Concerns from a rainbow of diversity groups was raining on FCC Chairman Tom Wheeler's new set-top/navigation device proposal this week, with the NAACP, Urban League and others, "strongly urging it" to "hit the 'pause' button on your revised proposal so that the Commission can do its statutory duty to evaluate its impact."
According to a letter dated Thursday, Sept. 22, those concerns are also shared by the Multicultural Media, Telecom & Internet Council, Rev. Jessie Jackson's Rainbow Push Coalition and Rev. Al Sharpton's National Action Network, among others.
"By setting this plan for a public vote on September 29th—after a very short three weeks—the Commission is embracing a process that essentially shuns public discourse and limiting our ability as interested stakeholders and advocacy groups to fully evaluate and provide necessary input," they said, adding: "[W]th this revised proposal, the Commission continues to arbitrarily ignore its statutory duty to protect diversity and inclusion..."

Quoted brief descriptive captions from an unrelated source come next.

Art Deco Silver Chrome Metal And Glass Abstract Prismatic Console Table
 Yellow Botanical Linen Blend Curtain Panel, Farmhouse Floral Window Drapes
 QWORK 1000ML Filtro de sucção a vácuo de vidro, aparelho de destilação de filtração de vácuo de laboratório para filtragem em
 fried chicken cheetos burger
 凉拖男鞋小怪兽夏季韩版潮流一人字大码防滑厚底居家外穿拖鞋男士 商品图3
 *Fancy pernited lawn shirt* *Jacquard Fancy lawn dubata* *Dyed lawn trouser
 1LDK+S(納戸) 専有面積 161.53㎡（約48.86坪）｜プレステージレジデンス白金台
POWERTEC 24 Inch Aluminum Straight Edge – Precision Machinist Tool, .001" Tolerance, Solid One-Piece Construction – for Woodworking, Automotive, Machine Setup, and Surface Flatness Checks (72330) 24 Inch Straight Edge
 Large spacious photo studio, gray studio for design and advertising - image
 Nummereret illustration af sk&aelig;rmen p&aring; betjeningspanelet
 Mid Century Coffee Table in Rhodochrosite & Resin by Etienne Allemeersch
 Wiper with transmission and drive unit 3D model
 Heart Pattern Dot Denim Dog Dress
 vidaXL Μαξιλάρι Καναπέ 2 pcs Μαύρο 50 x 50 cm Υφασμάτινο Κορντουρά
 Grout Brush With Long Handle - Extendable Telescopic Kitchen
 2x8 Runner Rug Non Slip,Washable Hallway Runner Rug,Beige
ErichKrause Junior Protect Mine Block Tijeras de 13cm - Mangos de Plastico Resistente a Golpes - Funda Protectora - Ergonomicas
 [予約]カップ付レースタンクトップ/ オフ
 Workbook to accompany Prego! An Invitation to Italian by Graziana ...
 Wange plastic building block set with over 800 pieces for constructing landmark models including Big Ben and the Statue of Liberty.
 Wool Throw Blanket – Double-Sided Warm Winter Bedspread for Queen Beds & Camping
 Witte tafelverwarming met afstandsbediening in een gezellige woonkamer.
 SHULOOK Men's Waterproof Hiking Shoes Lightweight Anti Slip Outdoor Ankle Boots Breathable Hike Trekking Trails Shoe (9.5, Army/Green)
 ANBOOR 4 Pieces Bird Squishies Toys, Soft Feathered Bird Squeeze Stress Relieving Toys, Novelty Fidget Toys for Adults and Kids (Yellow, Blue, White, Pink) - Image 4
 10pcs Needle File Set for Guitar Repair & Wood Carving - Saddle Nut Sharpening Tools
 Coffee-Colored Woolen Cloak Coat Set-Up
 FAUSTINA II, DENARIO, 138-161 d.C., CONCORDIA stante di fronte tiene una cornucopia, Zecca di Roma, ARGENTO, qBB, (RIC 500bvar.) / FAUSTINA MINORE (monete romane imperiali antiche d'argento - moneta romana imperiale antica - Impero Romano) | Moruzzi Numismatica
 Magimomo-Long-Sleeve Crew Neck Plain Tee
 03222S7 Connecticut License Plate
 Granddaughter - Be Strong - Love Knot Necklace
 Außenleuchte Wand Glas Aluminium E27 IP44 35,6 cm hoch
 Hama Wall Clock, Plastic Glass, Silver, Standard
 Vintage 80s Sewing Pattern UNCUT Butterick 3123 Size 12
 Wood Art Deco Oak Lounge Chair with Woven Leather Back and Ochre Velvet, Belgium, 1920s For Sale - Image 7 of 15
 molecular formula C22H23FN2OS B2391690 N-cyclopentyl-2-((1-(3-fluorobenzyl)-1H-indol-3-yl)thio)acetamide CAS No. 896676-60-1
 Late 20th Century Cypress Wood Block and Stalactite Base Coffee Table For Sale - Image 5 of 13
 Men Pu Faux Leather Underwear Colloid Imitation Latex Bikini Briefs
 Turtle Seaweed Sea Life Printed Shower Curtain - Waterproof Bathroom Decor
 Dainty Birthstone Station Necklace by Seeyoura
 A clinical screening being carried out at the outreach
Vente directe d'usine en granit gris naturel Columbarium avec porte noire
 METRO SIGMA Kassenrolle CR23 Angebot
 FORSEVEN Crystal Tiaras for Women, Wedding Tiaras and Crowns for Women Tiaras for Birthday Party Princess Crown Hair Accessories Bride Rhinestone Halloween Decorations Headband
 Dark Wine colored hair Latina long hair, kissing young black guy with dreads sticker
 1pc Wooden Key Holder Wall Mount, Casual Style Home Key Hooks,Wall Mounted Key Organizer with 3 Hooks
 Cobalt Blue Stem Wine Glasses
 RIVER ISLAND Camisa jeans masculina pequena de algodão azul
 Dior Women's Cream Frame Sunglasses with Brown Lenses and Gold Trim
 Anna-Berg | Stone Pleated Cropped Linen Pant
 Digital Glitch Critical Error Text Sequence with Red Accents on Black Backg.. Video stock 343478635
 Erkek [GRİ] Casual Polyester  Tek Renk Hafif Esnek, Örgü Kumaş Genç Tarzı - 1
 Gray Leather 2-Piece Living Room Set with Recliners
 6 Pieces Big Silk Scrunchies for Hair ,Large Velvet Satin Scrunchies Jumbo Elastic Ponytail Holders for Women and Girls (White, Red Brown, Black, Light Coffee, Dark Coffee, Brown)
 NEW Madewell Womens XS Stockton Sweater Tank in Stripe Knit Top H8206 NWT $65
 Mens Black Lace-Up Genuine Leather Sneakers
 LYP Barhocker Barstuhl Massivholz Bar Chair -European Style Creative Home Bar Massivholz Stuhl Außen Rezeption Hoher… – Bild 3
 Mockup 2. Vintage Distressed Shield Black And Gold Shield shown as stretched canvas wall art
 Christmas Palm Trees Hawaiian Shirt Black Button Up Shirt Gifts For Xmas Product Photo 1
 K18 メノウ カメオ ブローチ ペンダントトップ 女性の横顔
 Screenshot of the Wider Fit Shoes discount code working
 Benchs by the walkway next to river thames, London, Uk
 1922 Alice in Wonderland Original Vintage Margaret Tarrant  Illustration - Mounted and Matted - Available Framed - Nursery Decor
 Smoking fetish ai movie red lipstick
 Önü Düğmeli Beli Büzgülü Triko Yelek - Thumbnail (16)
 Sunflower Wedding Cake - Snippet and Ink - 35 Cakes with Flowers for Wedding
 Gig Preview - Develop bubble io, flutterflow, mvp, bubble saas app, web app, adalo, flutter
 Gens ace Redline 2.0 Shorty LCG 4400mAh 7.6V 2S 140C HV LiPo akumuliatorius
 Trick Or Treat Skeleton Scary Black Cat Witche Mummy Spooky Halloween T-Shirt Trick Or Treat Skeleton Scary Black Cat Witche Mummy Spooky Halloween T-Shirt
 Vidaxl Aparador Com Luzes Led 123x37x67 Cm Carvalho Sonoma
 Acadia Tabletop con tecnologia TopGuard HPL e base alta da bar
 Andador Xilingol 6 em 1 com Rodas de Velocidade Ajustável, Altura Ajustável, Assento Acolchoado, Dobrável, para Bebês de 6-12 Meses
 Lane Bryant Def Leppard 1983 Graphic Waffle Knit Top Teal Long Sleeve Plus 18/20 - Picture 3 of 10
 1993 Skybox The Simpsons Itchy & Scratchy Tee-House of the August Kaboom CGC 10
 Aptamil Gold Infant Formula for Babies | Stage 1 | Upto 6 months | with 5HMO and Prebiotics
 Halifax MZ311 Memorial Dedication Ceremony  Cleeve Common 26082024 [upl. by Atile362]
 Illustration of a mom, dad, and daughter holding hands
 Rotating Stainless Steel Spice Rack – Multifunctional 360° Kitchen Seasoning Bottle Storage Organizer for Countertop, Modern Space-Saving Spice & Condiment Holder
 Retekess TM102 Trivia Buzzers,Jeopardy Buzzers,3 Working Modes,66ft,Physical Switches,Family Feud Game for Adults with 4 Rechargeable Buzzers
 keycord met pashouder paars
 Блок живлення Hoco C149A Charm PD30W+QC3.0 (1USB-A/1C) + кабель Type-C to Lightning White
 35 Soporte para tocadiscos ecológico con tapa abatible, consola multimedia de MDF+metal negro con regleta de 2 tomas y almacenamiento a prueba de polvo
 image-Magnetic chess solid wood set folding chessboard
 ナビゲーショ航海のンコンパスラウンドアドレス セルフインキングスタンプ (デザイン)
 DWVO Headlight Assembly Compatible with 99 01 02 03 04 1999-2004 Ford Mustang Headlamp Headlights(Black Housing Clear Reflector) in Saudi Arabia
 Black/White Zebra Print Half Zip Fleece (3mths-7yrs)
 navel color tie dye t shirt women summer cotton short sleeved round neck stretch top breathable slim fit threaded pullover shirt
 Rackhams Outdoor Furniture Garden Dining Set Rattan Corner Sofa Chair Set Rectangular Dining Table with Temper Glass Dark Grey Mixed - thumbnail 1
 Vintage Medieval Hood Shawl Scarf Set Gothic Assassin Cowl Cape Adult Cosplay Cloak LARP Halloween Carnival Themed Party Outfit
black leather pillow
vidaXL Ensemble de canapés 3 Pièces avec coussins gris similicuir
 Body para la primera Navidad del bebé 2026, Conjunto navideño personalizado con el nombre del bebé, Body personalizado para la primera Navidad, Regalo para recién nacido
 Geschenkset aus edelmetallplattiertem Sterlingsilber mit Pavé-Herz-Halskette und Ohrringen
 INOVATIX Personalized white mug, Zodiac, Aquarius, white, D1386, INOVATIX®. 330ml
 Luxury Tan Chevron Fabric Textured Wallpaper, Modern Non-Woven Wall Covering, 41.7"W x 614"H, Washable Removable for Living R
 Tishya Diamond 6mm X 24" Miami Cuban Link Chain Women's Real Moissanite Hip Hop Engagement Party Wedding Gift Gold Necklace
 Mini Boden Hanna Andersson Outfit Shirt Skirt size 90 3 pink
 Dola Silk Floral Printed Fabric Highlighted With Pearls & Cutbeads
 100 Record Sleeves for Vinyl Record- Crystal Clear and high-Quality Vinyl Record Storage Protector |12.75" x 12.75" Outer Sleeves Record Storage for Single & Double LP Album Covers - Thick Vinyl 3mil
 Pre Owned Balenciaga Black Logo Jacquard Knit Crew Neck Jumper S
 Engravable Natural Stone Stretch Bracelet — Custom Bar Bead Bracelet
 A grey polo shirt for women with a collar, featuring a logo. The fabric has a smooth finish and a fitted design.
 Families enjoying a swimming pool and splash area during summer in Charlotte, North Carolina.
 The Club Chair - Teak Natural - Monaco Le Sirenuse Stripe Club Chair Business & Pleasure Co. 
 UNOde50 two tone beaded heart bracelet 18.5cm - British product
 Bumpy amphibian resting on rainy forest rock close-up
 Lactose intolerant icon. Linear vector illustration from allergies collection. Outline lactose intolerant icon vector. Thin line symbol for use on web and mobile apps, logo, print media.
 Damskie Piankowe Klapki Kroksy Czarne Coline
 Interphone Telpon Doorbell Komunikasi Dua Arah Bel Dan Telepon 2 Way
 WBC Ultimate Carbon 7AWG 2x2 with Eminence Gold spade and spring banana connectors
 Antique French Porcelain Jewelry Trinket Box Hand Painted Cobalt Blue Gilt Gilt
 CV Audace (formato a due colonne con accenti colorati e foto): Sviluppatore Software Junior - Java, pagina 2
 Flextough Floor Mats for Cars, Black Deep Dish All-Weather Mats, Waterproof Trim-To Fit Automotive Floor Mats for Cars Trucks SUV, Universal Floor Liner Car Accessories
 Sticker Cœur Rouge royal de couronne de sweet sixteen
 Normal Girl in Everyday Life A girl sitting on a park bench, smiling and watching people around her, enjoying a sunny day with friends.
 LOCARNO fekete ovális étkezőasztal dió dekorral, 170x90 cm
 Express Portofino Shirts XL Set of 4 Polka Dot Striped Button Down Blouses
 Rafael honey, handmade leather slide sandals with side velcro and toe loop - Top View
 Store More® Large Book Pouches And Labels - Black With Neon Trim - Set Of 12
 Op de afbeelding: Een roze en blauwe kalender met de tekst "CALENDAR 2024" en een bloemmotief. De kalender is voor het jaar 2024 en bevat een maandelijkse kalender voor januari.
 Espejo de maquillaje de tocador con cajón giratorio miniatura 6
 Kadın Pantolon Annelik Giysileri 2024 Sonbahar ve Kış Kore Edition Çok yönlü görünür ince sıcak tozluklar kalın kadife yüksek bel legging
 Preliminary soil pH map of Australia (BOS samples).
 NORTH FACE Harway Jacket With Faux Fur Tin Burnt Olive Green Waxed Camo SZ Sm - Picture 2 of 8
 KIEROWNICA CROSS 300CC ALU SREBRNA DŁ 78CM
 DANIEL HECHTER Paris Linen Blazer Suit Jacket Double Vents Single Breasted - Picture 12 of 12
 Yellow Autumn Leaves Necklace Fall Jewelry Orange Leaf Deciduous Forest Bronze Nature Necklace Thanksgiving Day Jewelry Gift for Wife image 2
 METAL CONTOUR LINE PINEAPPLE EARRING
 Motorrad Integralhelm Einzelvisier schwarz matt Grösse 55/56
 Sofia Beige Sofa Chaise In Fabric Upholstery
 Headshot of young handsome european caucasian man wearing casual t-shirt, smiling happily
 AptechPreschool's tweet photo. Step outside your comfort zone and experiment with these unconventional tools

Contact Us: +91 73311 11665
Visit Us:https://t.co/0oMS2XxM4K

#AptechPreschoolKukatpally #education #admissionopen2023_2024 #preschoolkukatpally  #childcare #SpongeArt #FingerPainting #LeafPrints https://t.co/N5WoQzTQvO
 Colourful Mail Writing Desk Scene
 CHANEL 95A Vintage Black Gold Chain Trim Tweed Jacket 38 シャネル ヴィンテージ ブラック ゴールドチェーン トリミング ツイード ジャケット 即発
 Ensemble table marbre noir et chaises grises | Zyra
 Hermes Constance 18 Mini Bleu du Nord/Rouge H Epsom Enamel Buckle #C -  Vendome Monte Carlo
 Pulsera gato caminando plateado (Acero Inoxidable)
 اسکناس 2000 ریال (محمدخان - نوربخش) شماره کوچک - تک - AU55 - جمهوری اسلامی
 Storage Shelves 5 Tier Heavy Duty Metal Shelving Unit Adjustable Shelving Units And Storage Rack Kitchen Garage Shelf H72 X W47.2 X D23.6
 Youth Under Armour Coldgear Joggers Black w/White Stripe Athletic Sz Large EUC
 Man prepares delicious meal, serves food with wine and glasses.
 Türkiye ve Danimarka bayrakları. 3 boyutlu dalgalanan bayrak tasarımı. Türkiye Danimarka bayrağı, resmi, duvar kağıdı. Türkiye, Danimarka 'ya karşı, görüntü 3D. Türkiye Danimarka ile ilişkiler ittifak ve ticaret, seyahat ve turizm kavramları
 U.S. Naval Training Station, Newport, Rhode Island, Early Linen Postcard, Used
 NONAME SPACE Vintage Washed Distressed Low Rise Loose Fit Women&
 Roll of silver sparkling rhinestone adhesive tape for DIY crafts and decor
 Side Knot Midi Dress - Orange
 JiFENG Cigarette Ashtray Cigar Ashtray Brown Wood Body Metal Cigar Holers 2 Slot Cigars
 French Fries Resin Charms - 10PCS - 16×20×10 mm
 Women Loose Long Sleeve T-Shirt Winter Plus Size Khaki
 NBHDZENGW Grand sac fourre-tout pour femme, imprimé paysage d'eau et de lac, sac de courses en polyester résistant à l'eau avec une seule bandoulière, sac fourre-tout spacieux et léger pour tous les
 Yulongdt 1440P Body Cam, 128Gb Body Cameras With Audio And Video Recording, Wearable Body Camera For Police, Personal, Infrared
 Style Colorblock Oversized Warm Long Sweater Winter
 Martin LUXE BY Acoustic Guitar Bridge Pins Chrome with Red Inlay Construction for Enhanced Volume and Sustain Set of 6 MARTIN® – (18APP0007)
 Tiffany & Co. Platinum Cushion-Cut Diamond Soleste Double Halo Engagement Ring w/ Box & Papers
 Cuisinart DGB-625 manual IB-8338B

The set-top proposal was on the agenda for the Sept. 29 public meeting released Thursday (Sept. 22) after the chairman said last week he thought the item could be tweaked to addressed concerns and ready for that vote.
The same diversity groups also had issues with the chairman's initial "unlock the box" plan, asking to push pause on that back in March.
"Based on the limited information that has been publicly disclosed, we remain concerned that this revised proposal may still bring undue harm and stress to the business models of diverse and independent programmers," they wrote FCC Chairman Tom Wheeler.
While Wheeler has said that the proposal will help newer sources of programming online get more visibility alongside traditional media, and the groups acknowledge that, they also say they have concerns if "increased competition serves to devalue legacy media or degrade the revenue sources that support them, including advertising."
The set-top issue has divided diversity advocates between new entrants looking for more attractive shelf space--or just to get on the shelf at all--and established players who share other programmers and ISP concerns about protecting their content already on the shelves from being repackaged and resold without sharing in any new profits.
The groups also have issues with the FCC proposal of an apps licensing body. "In addition to being unprecedented and perhaps outside of the scope of the agency’s jurisdiction, this approach may still violate copyright, even with an imposition of royalty-free, compulsory license agreements for MVPDs and programmers."
Wheeler says the plan does not create a compulsory license, but if the FCC steps in to change the license per its conclusion it is either unreasonable or anti-competitive, critics of that approach say it effectively does.